- Born: 1964 Hozat, Turkey
- Died: 2 June 2021 (aged 56–57) Bodrum, Turkey
- Genres: Turkish folk, Kurdish folk, Ottoman classical
- Occupation: Record producer
- Years active: 1991–2021
- Label: Kalan Müzik
- Website: Kalan.com (English)

= Hasan Saltık =

Turkish record producer (1964–2021)

Hasan Saltık (/tr/; 1964 – 2 June 2021) was a Turkish record producer. He was the 1991 founder of Kalan Müzik, a Turkish independent record label company based in Istanbul specialized in releasing Saltık's recordings of traditional ethnic and folk music from Turkey and vicinity, sometimes against governmental opposition.

In 2003, Saltık's work through Kalan made him a laureate of the international Prince Claus Awards on the theme "The survival and innovation of Crafts" for having "played a central role in the rescue, rediscovery and documentation of the cultural diversity of Turkish music". In 2004, he was called "The Anthropologist of Folk Music" by Time magazine.

==Biography==
===Life===
In 1964, Hasan Saltık was born in Hozat, Tunceli, a small town in eastern Turkey to a Turkmen father and a Kurdish-Zaza mother. At age 11, he moved with his family to Istanbul. He went to music school but had to drop out in order to take jobs, and at age 19, he went to sea. At age 24, he came back to Istanbul and worked in his uncle's music shop. In 1991 (aged 27), he founded Kalan Müzik, and has operated it since.

===Works===

In 1991 (aged 27), he became a record producer and founded the independent record label Kalan Müzik, named after his natal town's pre-1936 name. Since then, he has been scouring Turkey and neighbouring regions to record traditional ethnic and folk music and release it on his label, along with reissues of classic 78 rpm records of Turkish and Ottoman music. He also published modern acts, such as the controversial Grup Yorum, or the popular Yansımalar.

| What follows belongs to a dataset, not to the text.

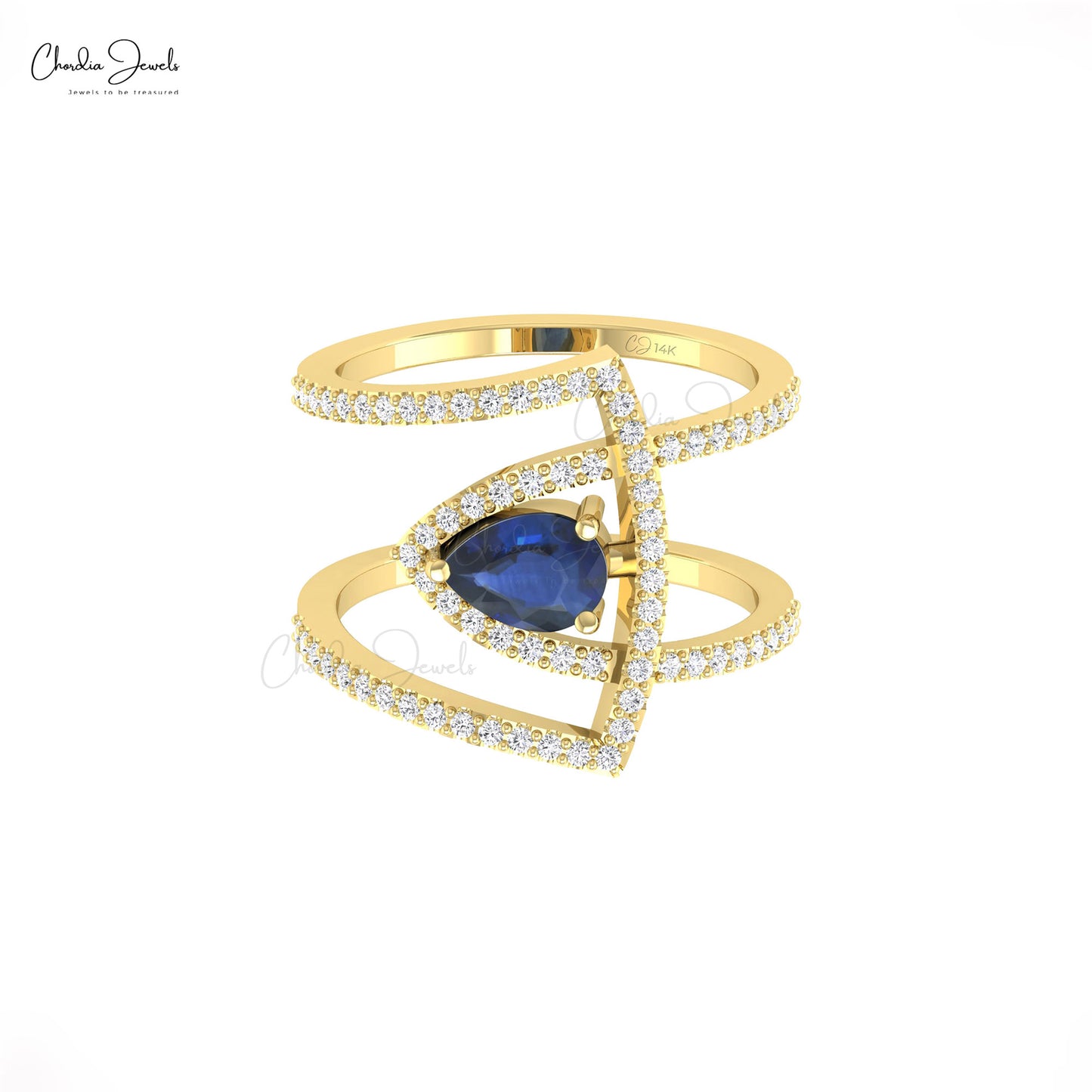 Gemstone Statement Ring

In 2003 (aged 39), Saltık's work through Kalan made him a laureate of Netherlands's international Prince Claus Awards on the theme "The survival and innovation of Crafts" for having "played a central role in the rescue, rediscovery and documentation of the cultural diversity of Turkish music". The jury concluded, "Saltik founded a small company to produce recordings of the highest quality which have been the catalyst for the revival of musical traditions and led to their dissemination worldwide. He has conserved and promoted the musical heritage of the area th[r]ough establishing a label which produces unparalleled recordings."

Saltık was also a member of the board of the MESAM (Türkiye Musiki Eseri Sahipleri Meslek Birliği, the Musical Work Owners' Society of Turkey).
In September 2004, Time magazine made a feature article about Saltık, "a rebel at heart", and his career, calling him "The Anthropologist of Folk Music".

===Activism===
Because laws passed after the 1980 Turkish coup d'état banned songs in minority languages, especially in Kurdish (deeming them separatist), Saltık's work has been political as well as musical. He has been an activist for the right to disseminate minority musical genres, explaining, "Minorities are our biggest cultural asset; we should be protecting them and promoting them. […] I see it as my duty."

- In 1992, a release of Kurdish music sent Saltık to court, facing a three-year jail term; he escaped sentencing only because the prosecutor was a follower of his work.
- In 1999, he was sentenced to one year of prison for "making propaganda for an illegal organization", but the sentence was later overturned by the Court of Cassation.
- In 2001, the Turkish Ministry for Industry and Trade tried to close his record company for distributing products as protests against the F-type prisons.
- In 2002, his music-publishing license was confiscated by the courts after he issued an old folk song that featured the word "Kurdistan", which is taboo in Turkey. The sentence was reversed following an outcry. "It was ironic", says Saltık. "French, German or English songs were O.K., but music in our languages was banned."

As of 2004, the governmental change after the 2002 elections and the evolution of Turkey towards being a part of the European Union had led to a normalization of relations between Saltık and officials, such as the Turkish Culture Ministry handing out Kalan CDs to visiting dignitaries. This didn't entirely stop some indirect prosecutions:

- In February 2005, a court ordered the confiscation of the Kurdish album Keçe Kurdan by Aynur Dogan, produced by Kalan; the confiscation was eventually lifted in November 2005.